======== EXERCISE MATERIAL ========
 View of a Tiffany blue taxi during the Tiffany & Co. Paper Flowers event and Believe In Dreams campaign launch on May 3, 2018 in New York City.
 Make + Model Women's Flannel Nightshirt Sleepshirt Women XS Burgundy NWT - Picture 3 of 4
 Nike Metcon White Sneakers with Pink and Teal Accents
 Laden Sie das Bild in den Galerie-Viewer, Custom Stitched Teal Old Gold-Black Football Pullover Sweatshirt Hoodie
========
======== EXERCISE MATERIAL ========
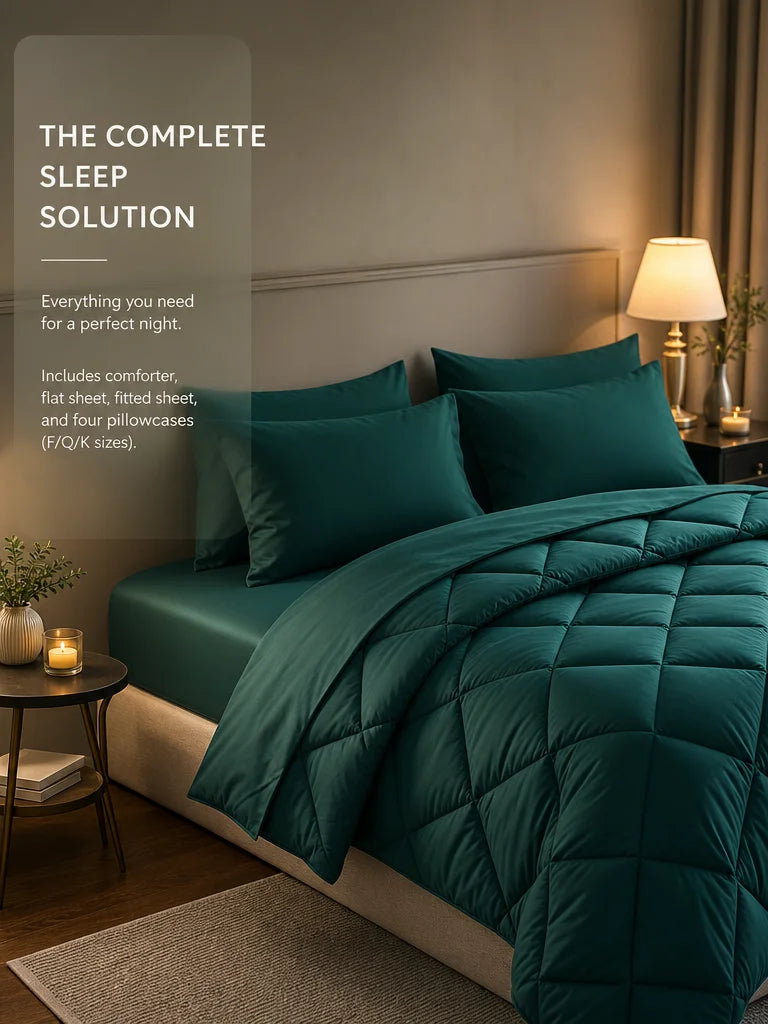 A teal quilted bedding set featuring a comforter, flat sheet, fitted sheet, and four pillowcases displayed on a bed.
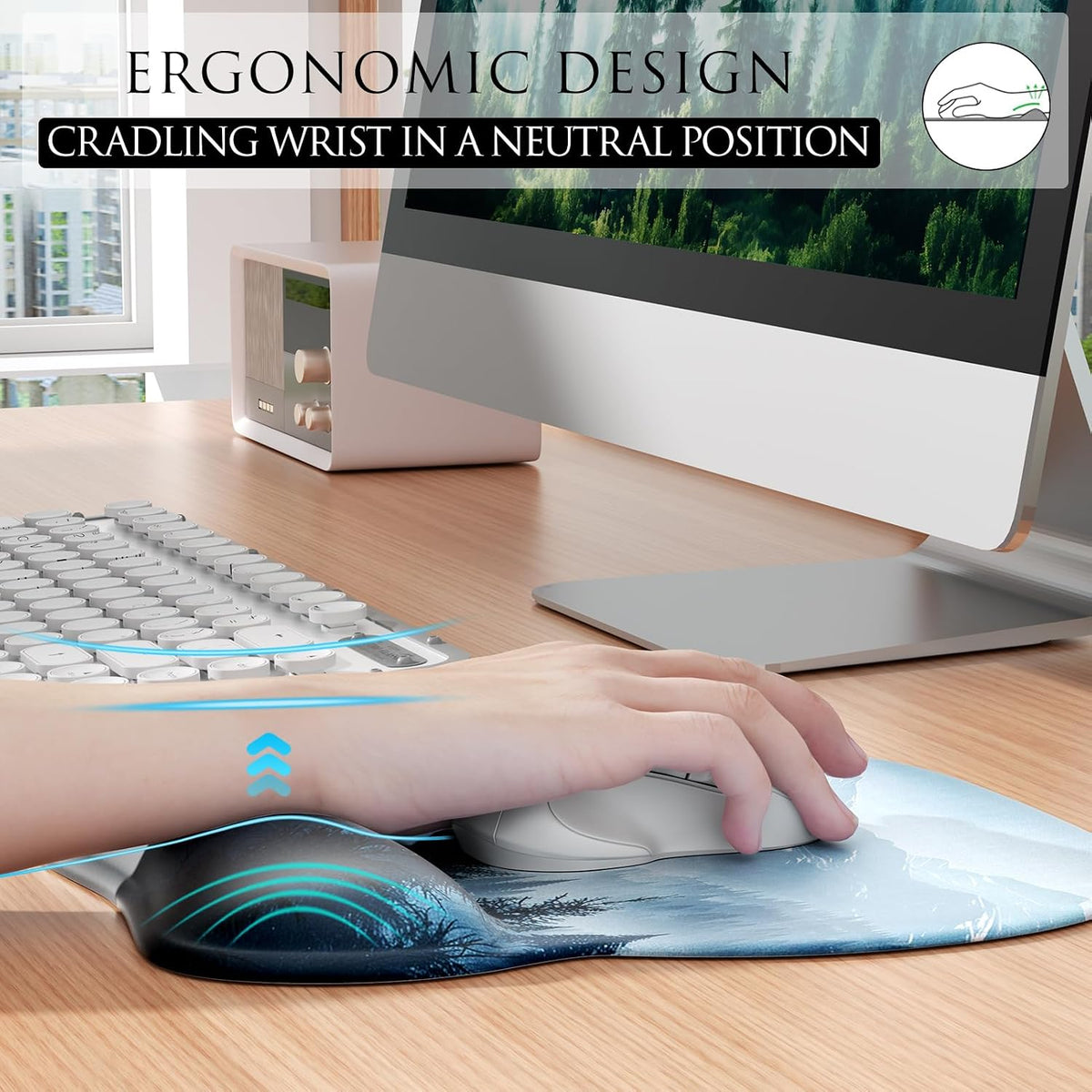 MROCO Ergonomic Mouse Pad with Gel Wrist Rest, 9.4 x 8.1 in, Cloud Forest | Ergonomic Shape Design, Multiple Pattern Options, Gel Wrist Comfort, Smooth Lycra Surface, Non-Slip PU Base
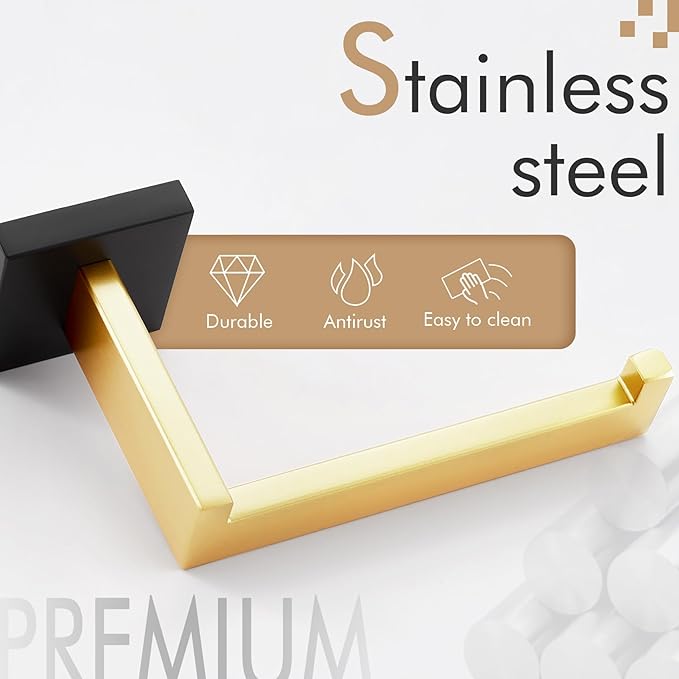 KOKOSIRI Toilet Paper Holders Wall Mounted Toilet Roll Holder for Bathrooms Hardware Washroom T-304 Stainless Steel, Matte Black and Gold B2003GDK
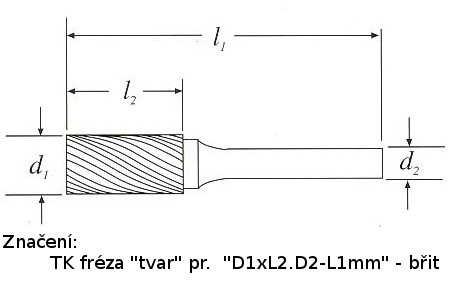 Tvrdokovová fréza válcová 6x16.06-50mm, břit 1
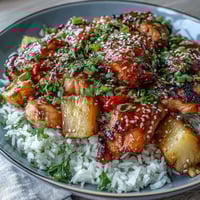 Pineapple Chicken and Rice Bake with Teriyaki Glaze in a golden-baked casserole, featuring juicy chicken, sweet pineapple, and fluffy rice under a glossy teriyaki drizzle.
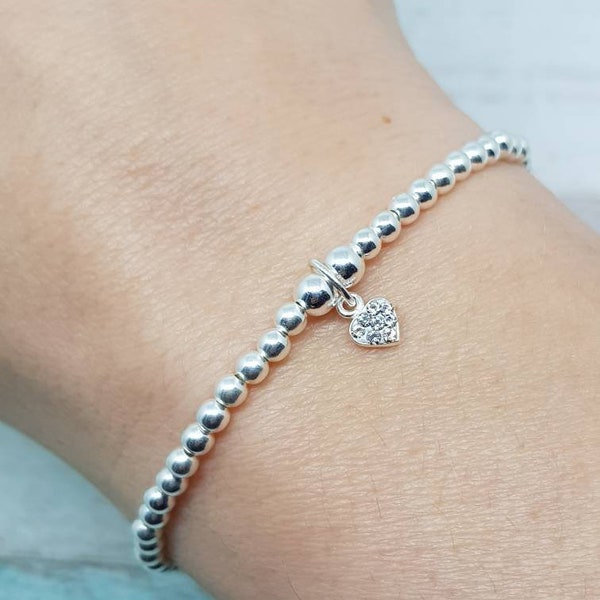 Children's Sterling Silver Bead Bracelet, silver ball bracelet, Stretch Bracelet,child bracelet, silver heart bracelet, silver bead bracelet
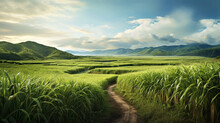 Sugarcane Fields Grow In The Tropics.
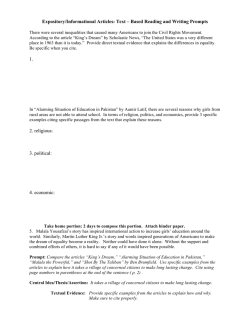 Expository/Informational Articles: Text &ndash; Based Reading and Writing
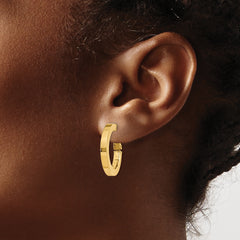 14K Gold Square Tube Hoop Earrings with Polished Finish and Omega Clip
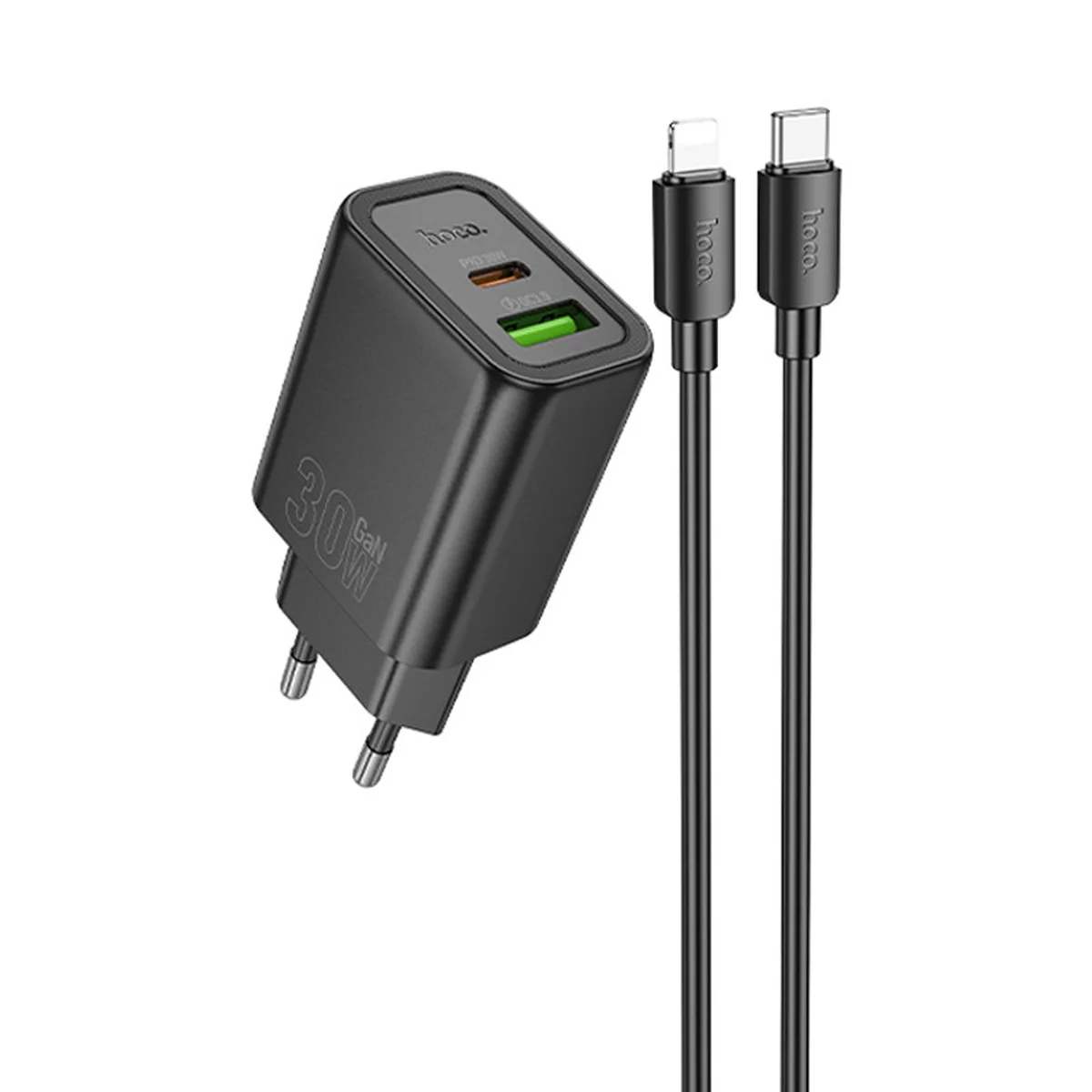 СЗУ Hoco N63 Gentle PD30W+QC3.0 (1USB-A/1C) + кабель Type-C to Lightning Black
========
» **YOUR ASSIGNMENT**
Using only the listing above, restate exactly the lines from the line containing "View of a Tiffany" through the line containing "Laden Sie das", both included.

» **TASK RESULT**
 View of a Tiffany blue taxi during the Tiffany & Co. Paper Flowers event and Believe In Dreams campaign launch on May 3, 2018 in New York City.
 Make + Model Women's Flannel Nightshirt Sleepshirt Women XS Burgundy NWT - Picture 3 of 4
 Nike Metcon White Sneakers with Pink and Teal Accents
 Laden Sie das Bild in den Galerie-Viewer, Custom Stitched Teal Old Gold-Black Football Pullover Sweatshirt Hoodie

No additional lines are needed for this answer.